Oprah Winfrey comes down from her mountaintop to play a recurring character in "Greenleaf," a new drama premiering Wednesday on OWN, but the boldest bit of casting here is its setting: a Memphis megachurch, where Elvis Presley takes a back seat to Jesus Christ. Merle Dandridge plays Grace, a once promising pastor who returns home for her sister's funeral and is lured back to the pulpit, if only to investigate allegations that her uncle is sexually abusing teenage girls.
In the best scene from the first three episodes, the family gangs up on the prodigal daughter at the dinner table, questioning how someone who attends services only on holidays can consider herself a Christian. Later, a longtime member of the congregation attempts to get her grandchild baptized without her daughter's blessing, a nod to how a younger generation of parents has lost faith in traditional rites of passage.
These moments stick out. Television rarely addresses organized religion in any sort of meaningful way, but if anyone can properly explore such tricky territory, it's creator Craig Wright, a former writer for "Six Feet Under," who has a master's of divinity degree from the United Theological Seminary of the Twin Cities.
But Wright draws more inspiration from "Empire" than from the Bible.
Much is made of the riches amassed by Bishop James Greenleaf (Keith David), with a Southfork-type estate, a private jet and a staff as large as the one employed at Downton Abbey. During his Sunday sermons, which draw 4,000 parishioners, the ruling family sits on stage in chairs that wouldn't be out of place in Anna Wintour's living room.

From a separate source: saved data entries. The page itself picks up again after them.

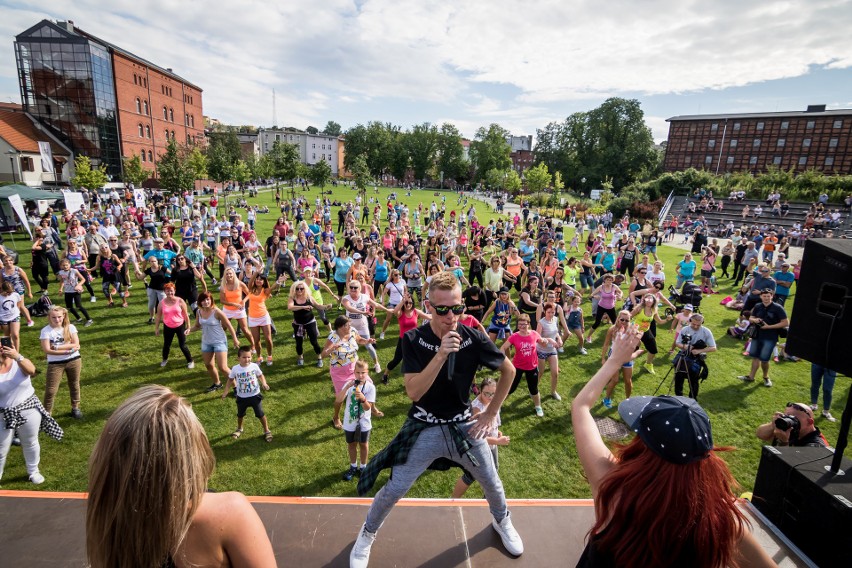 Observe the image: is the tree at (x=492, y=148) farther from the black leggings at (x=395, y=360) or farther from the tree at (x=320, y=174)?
the black leggings at (x=395, y=360)

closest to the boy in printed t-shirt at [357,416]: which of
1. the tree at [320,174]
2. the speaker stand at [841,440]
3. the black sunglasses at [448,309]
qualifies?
the black sunglasses at [448,309]

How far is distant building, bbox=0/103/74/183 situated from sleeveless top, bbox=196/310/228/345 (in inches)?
1705

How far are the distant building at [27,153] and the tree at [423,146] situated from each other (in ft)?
202

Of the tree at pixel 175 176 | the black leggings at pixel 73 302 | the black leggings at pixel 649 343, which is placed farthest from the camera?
the tree at pixel 175 176

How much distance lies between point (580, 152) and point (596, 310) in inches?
2640

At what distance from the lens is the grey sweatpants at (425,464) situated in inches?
131

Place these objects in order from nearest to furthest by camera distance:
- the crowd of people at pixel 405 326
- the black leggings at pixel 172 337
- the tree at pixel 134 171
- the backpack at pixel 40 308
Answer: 1. the crowd of people at pixel 405 326
2. the black leggings at pixel 172 337
3. the backpack at pixel 40 308
4. the tree at pixel 134 171

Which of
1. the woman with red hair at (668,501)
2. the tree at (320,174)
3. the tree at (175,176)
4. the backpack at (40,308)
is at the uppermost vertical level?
the tree at (320,174)

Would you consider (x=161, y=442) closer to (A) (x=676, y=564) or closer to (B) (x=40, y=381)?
(A) (x=676, y=564)

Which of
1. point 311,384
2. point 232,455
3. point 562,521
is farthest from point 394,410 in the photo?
point 562,521

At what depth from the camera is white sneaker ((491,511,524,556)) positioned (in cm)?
355

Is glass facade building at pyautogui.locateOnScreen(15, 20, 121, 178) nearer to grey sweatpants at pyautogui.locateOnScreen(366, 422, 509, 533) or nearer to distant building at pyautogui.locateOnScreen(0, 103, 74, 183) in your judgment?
distant building at pyautogui.locateOnScreen(0, 103, 74, 183)

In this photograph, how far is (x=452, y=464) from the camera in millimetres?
3562

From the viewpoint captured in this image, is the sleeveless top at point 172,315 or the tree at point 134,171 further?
the tree at point 134,171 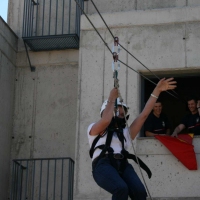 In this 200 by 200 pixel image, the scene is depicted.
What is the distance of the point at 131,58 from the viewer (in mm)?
13211

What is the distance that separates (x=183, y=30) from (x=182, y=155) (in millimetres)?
2559

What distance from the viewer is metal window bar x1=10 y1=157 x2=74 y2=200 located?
13594 millimetres

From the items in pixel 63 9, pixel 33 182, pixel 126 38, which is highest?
pixel 63 9

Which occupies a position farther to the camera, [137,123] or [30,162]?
[30,162]

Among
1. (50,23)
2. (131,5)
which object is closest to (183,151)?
(131,5)

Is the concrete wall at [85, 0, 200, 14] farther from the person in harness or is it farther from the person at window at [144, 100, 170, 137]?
the person in harness

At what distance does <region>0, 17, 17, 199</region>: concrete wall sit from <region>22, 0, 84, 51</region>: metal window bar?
1.29 feet

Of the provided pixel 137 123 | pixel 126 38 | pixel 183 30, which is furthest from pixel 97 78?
pixel 137 123

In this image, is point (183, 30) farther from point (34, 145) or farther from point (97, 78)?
point (34, 145)

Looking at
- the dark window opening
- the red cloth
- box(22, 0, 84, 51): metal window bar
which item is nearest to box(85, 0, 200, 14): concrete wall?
box(22, 0, 84, 51): metal window bar

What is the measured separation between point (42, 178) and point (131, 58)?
3.17 m

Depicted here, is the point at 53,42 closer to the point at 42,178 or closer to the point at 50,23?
the point at 50,23

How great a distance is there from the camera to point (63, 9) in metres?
14.8

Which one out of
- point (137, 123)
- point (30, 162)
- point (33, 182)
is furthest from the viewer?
point (30, 162) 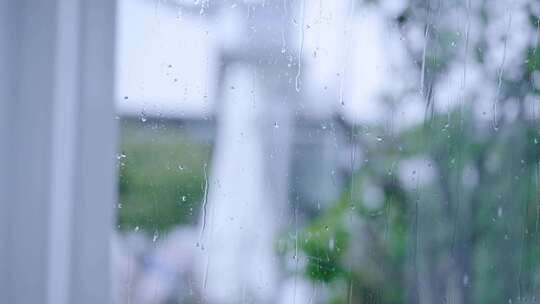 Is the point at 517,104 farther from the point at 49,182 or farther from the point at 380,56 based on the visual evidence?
the point at 49,182

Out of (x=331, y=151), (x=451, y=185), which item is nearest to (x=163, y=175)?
(x=331, y=151)

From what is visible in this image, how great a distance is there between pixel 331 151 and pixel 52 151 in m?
0.48

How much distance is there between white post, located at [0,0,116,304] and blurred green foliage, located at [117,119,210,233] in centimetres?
11

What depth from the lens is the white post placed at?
1.04 m

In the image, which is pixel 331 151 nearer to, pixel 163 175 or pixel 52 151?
pixel 163 175

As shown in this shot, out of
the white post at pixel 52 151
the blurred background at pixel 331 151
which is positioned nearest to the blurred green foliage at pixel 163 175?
the blurred background at pixel 331 151

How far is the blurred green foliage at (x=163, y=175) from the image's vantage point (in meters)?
0.89

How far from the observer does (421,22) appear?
32.0 inches

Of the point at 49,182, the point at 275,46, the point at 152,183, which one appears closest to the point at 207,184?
the point at 152,183

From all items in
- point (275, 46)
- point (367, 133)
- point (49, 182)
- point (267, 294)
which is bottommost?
point (267, 294)

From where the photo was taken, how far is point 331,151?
2.78 feet

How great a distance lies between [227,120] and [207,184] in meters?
0.09

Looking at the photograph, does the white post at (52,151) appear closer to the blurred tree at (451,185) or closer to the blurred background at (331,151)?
the blurred background at (331,151)

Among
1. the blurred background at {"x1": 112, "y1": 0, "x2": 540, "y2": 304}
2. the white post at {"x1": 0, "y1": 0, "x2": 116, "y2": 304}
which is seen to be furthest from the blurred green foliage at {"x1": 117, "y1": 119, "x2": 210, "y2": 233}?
the white post at {"x1": 0, "y1": 0, "x2": 116, "y2": 304} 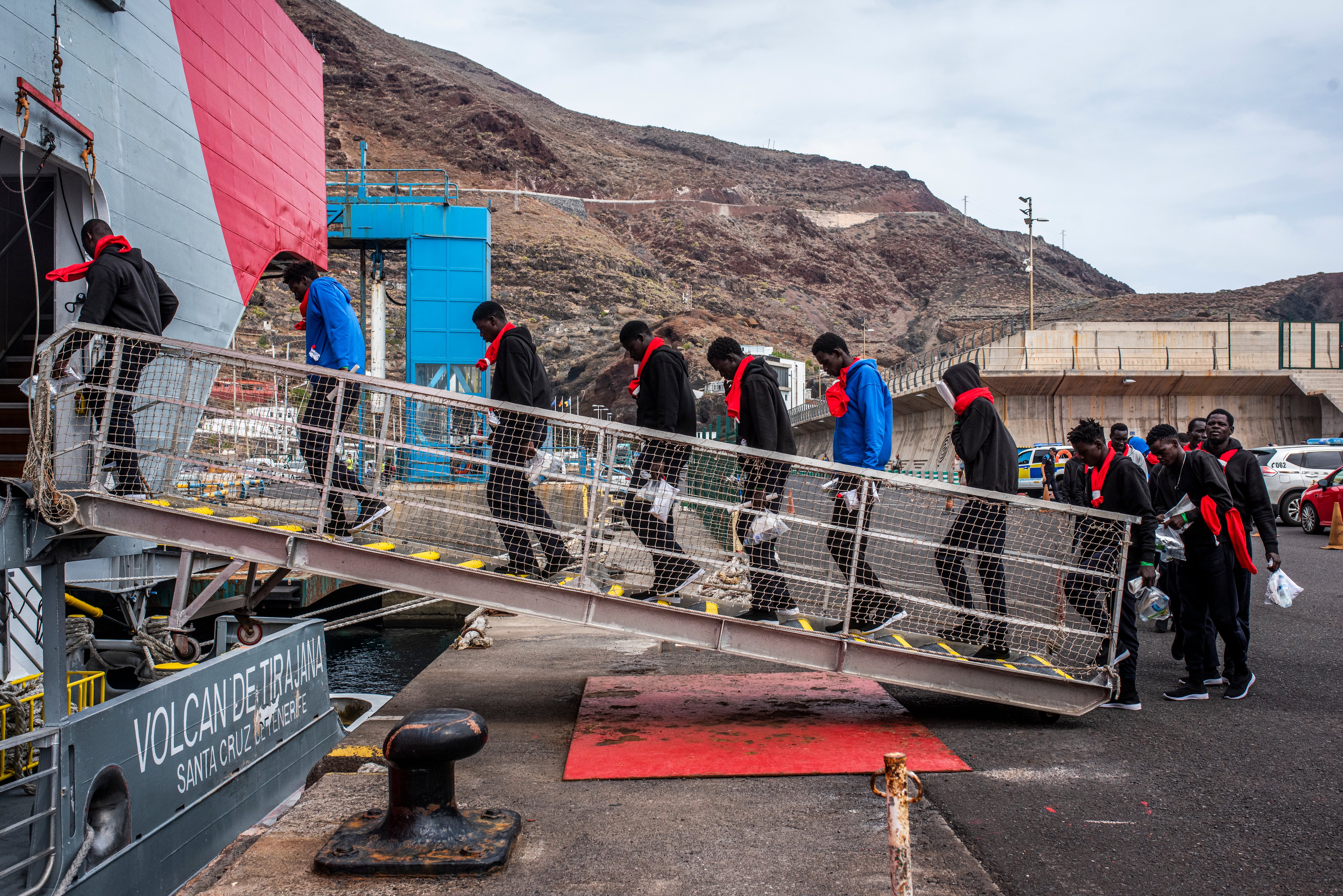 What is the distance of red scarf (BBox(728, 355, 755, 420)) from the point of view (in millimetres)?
6316

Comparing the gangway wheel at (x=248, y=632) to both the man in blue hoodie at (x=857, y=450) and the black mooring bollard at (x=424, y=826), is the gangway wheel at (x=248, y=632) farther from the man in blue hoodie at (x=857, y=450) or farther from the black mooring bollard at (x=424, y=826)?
the man in blue hoodie at (x=857, y=450)

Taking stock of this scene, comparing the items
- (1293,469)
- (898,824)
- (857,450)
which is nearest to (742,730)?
(857,450)

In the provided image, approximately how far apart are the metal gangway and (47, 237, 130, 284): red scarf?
58 centimetres

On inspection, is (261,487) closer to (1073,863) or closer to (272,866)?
(272,866)

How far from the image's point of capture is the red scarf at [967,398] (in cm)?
605

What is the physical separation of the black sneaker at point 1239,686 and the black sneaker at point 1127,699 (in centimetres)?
67

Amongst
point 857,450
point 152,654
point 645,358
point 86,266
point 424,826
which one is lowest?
point 152,654

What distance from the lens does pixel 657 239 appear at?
109 metres

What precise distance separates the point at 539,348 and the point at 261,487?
180ft

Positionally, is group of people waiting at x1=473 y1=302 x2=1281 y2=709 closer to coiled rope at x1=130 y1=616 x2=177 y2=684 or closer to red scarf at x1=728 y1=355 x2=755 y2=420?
red scarf at x1=728 y1=355 x2=755 y2=420

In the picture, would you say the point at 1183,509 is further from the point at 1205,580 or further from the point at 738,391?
the point at 738,391

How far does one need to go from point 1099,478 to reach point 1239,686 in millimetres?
1641

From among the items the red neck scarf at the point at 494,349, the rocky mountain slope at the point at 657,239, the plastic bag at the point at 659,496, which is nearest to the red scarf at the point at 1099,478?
the plastic bag at the point at 659,496

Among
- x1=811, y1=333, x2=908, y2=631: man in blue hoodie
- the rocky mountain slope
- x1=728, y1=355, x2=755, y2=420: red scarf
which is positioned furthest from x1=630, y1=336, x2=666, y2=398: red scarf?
the rocky mountain slope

In addition, there's the eldest child having sex in the office while Daddy preaches, the son-in-law questioning his sexual orientation and a crooked senator poking his nose into the Greenleafs' financial books. To rope in younger viewers, we get Grace's daughter dealing with the "rich kid" problems of fitting in at a private school and snorting Ritalin to deal with way too much homework.
These are the ingredients for a decent, although all too familiar soap, but considering the setup, this feels like a missed opportunity.
As for Winfrey? Well, she's just fine, although popping in from time to time as a Beale Street club owner hellbent on destroying the family couldn't have been that much of a challenge. How much more interesting it would have been if Winfrey, also an executive producer and proprietor of the network, had insisted on playing the bishop's wife, a calculating cold fish. As portrayed by Lynn Whitfield, she's clearly got all the ambition of "Empire's" Cookie, but is not nearly as delicious to watch.